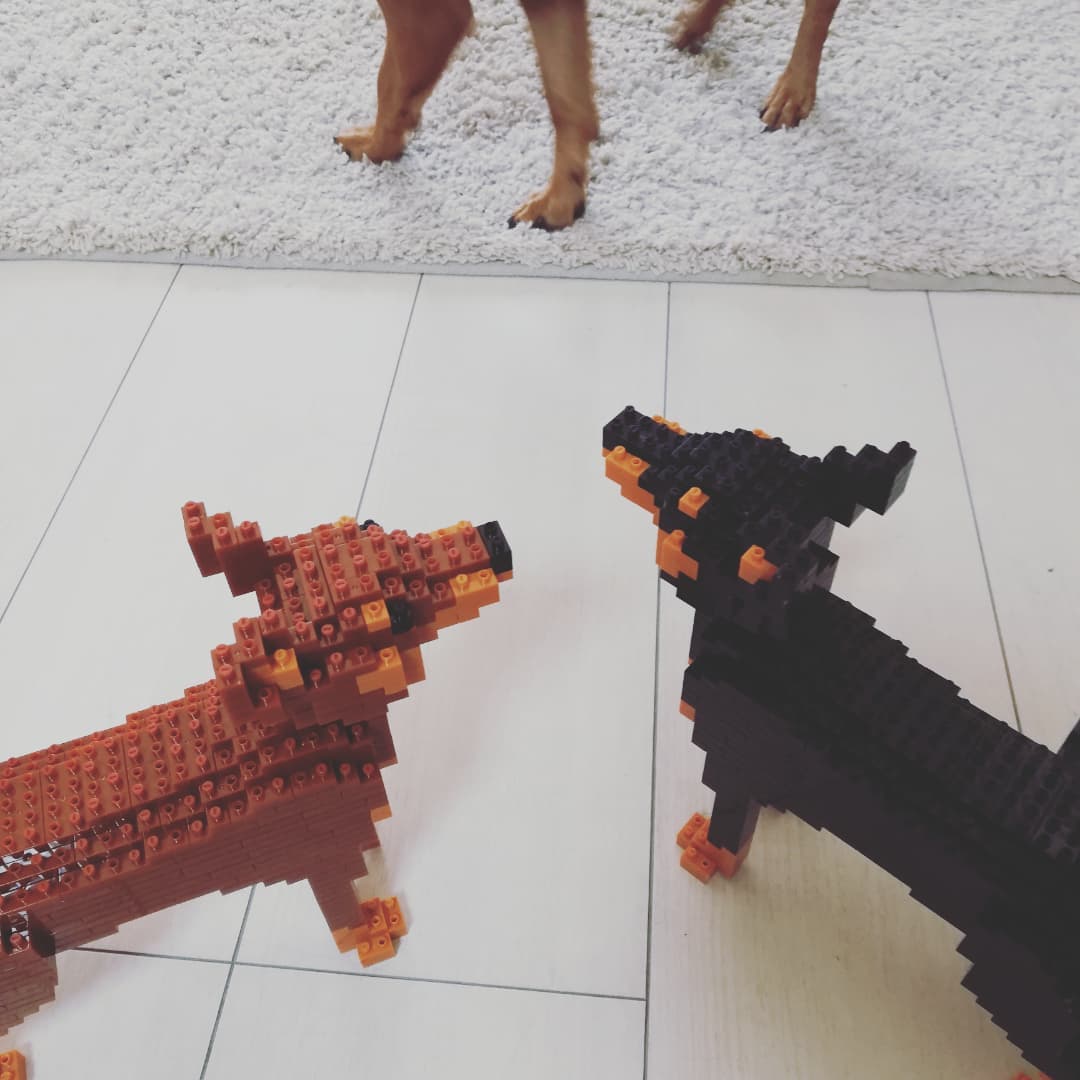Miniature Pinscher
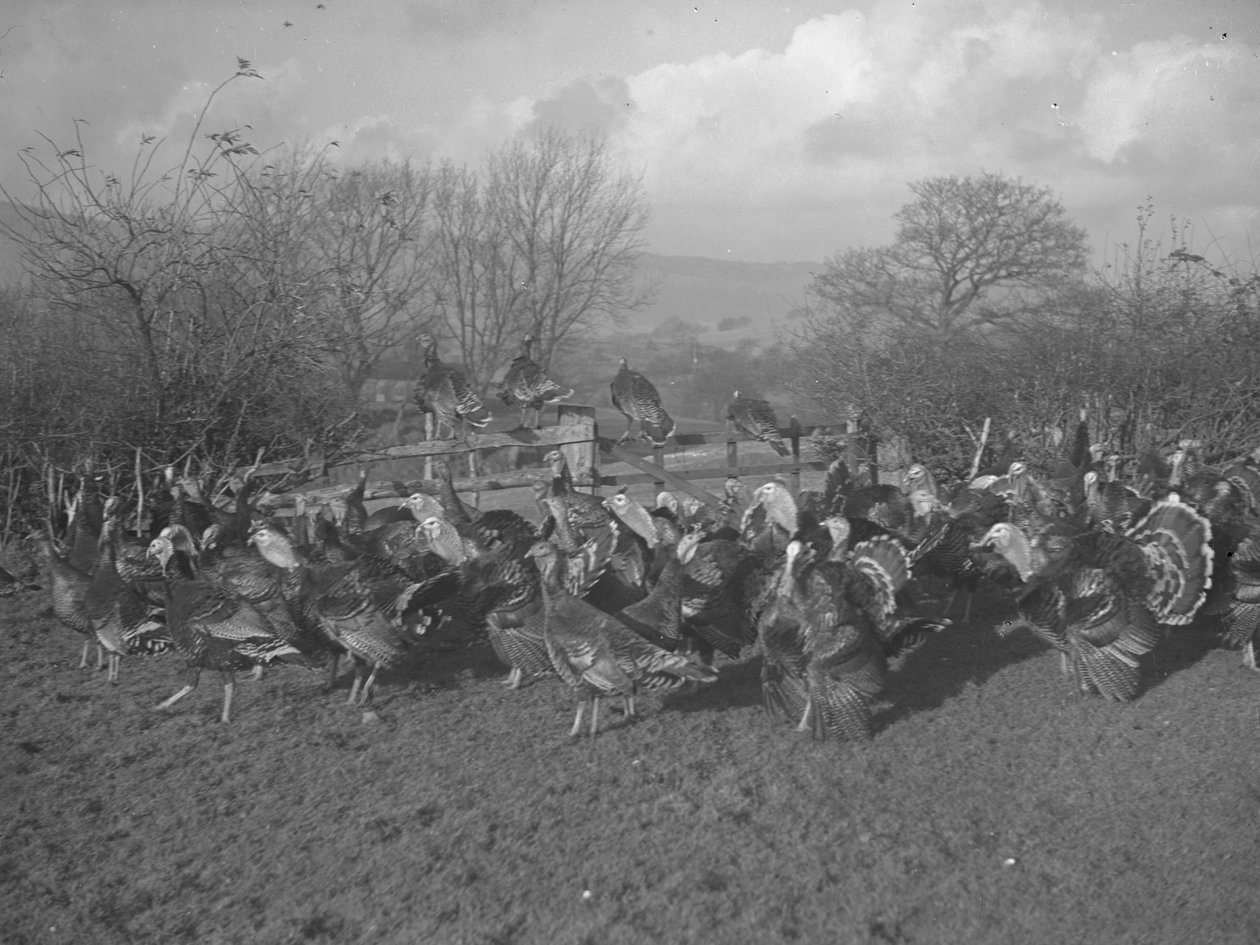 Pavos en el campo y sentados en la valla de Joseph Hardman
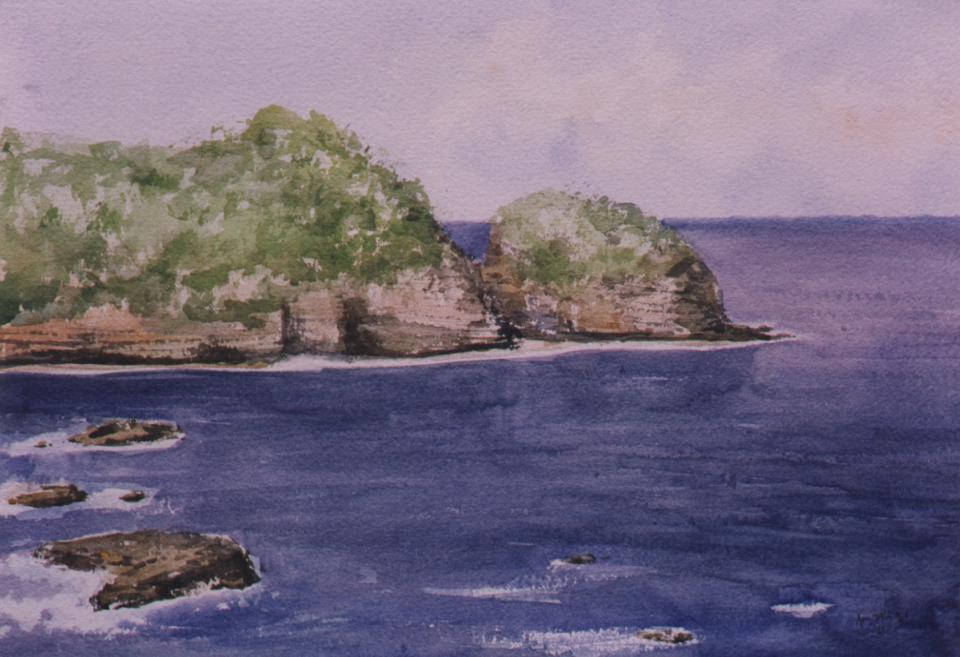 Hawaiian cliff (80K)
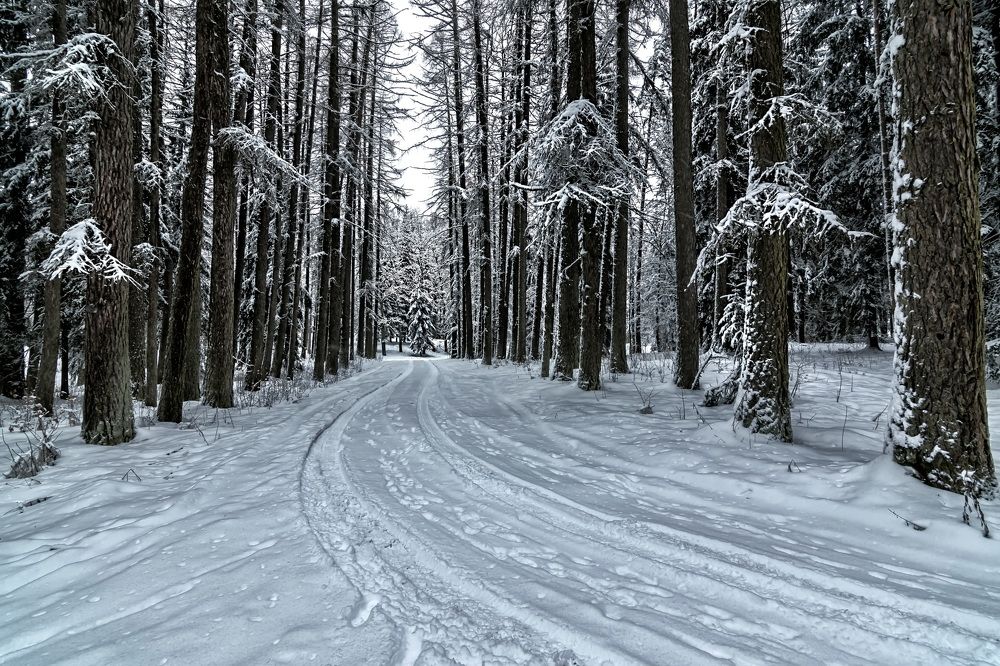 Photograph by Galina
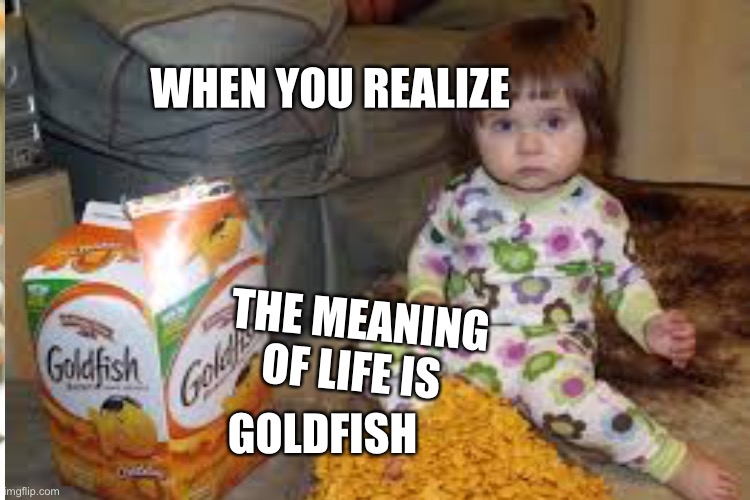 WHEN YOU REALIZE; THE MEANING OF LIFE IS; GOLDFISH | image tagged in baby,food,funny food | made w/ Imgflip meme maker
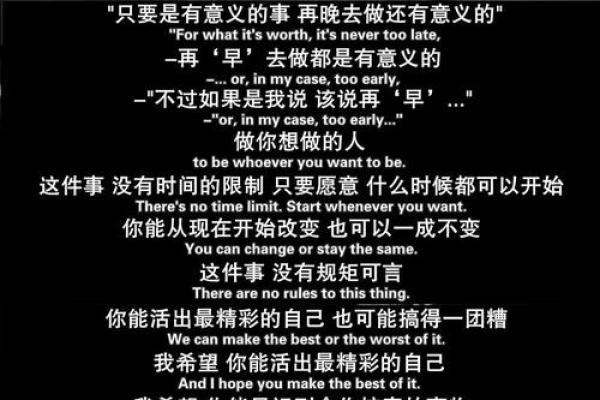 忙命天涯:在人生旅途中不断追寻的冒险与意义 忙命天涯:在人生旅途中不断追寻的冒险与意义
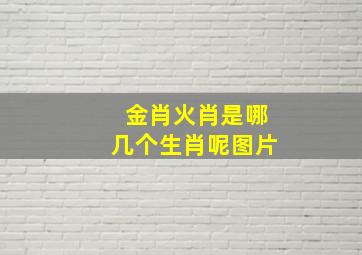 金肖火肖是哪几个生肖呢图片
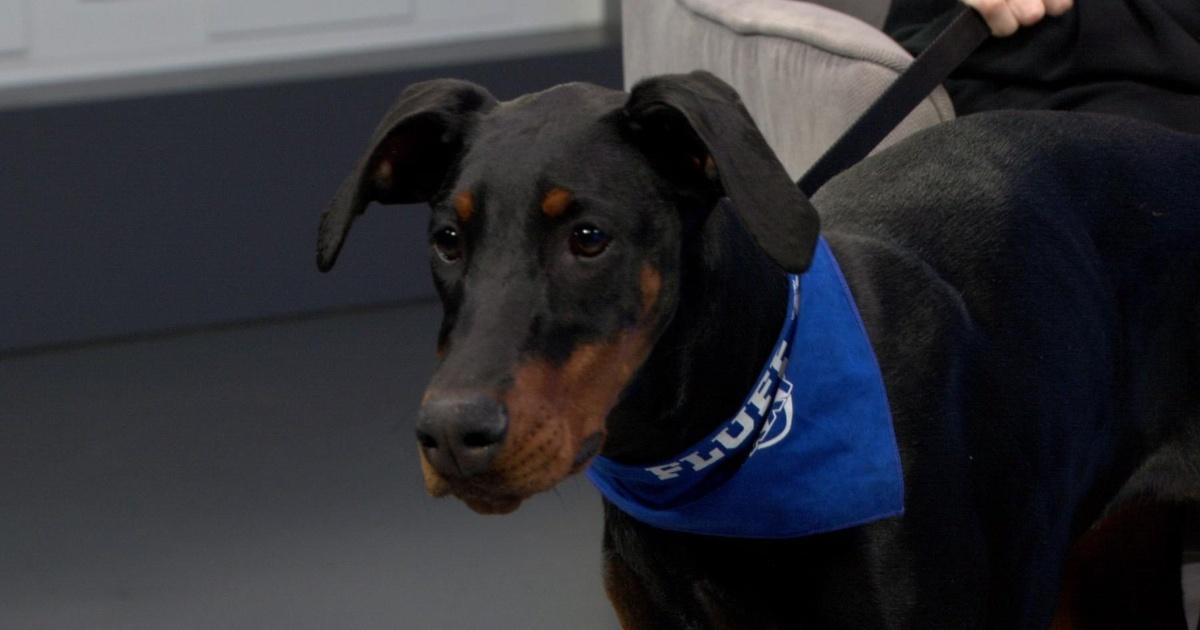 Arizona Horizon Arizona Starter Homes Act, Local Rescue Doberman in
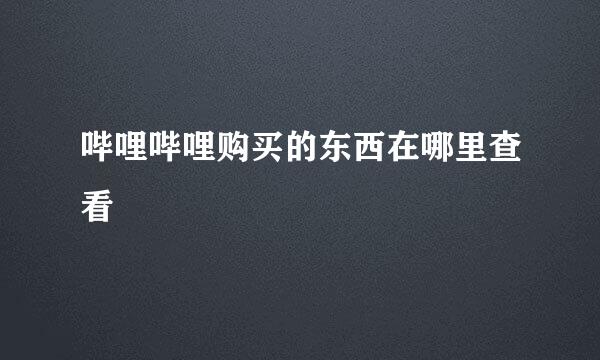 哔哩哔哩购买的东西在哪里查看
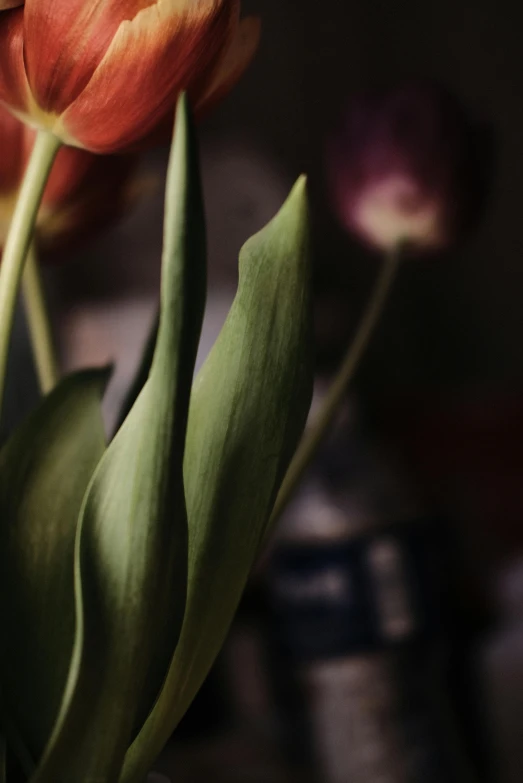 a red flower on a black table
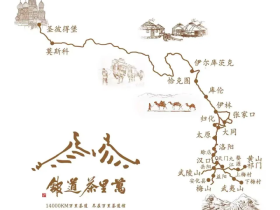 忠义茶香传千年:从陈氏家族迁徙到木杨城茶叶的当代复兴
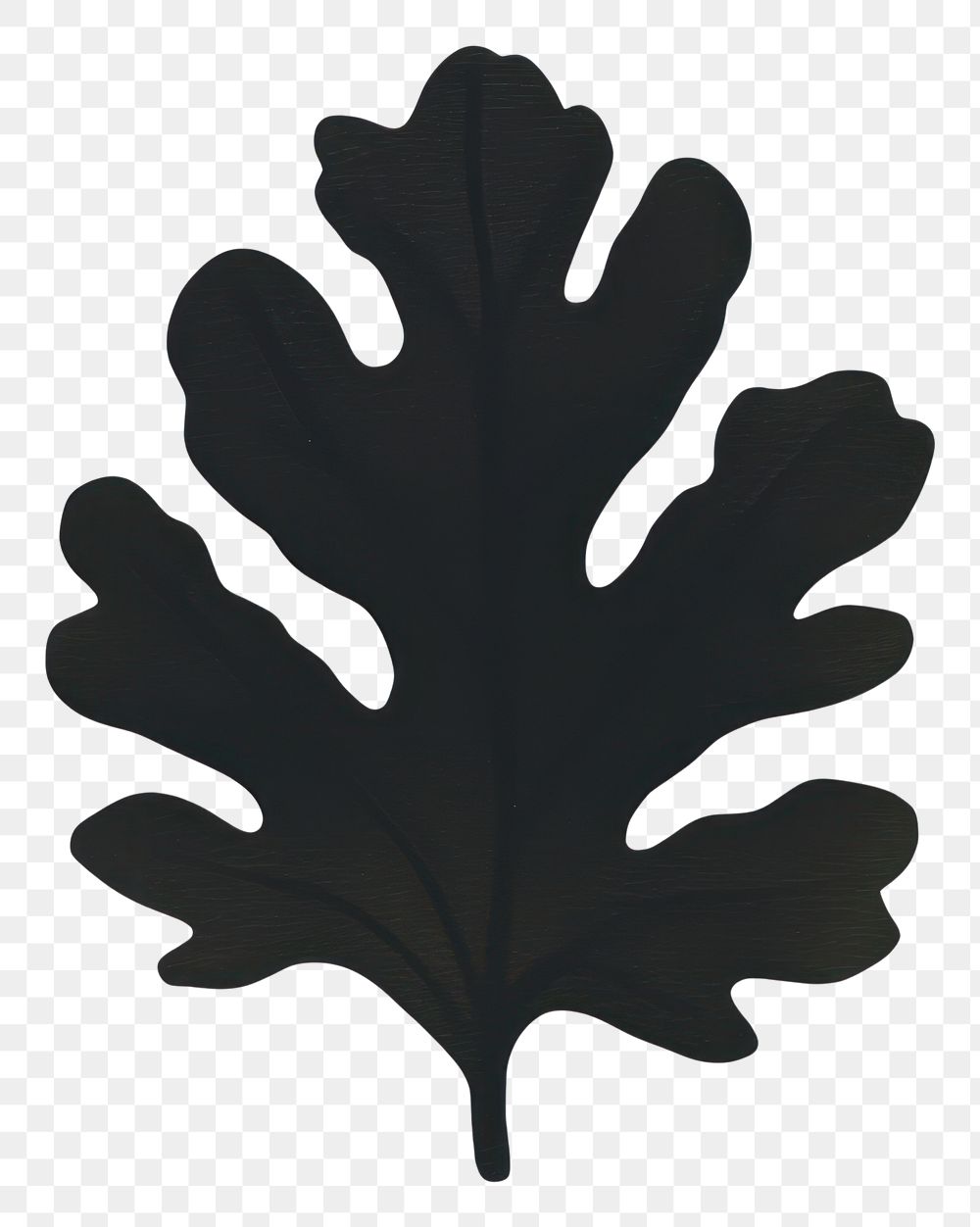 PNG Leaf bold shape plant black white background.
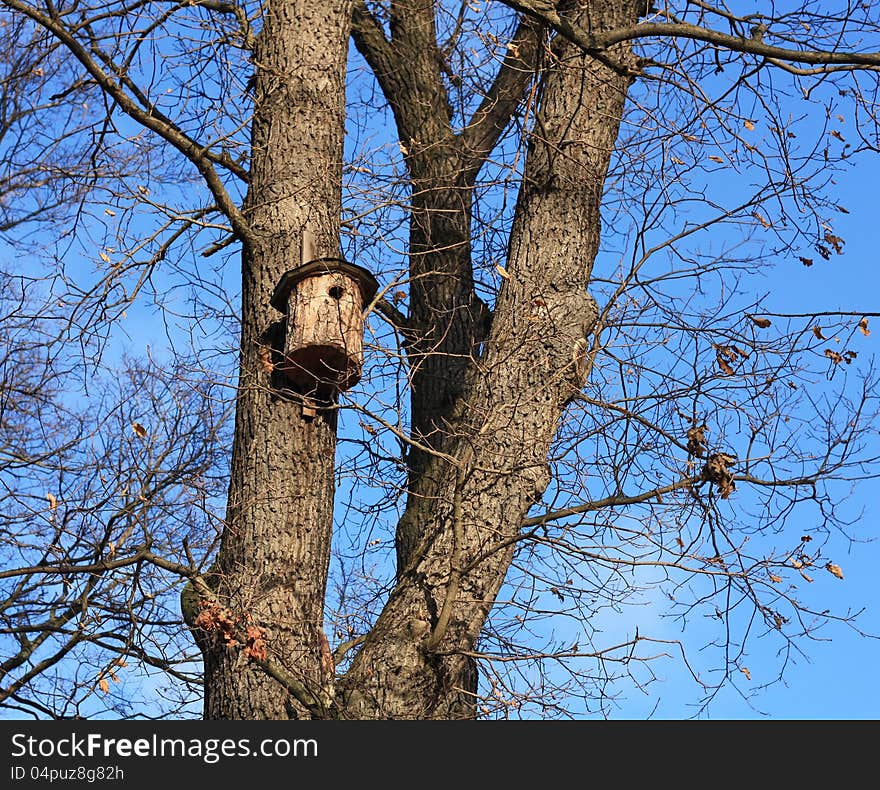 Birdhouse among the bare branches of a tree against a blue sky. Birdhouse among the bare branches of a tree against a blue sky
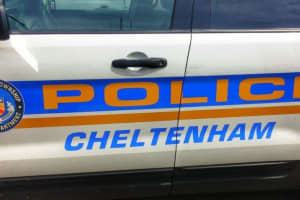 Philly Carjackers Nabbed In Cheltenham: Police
--*--
What you need to do:
Please output exactly the lines of the data above, from its first line through the line with "金肖火肖是哪几个生肖呢图片", and nothing else; drop the pictures.

Task response:
Miniature Pinscher
 Pavos en el campo y sentados en la valla de Joseph Hardman
 Hawaiian cliff (80K)
 Photograph by Galina
 WHEN YOU REALIZE; THE MEANING OF LIFE IS; GOLDFISH | image tagged in baby,food,funny food | made w/ Imgflip meme maker
 忙命天涯:在人生旅途中不断追寻的冒险与意义 忙命天涯:在人生旅途中不断追寻的冒险与意义
 金肖火肖是哪几个生肖呢图片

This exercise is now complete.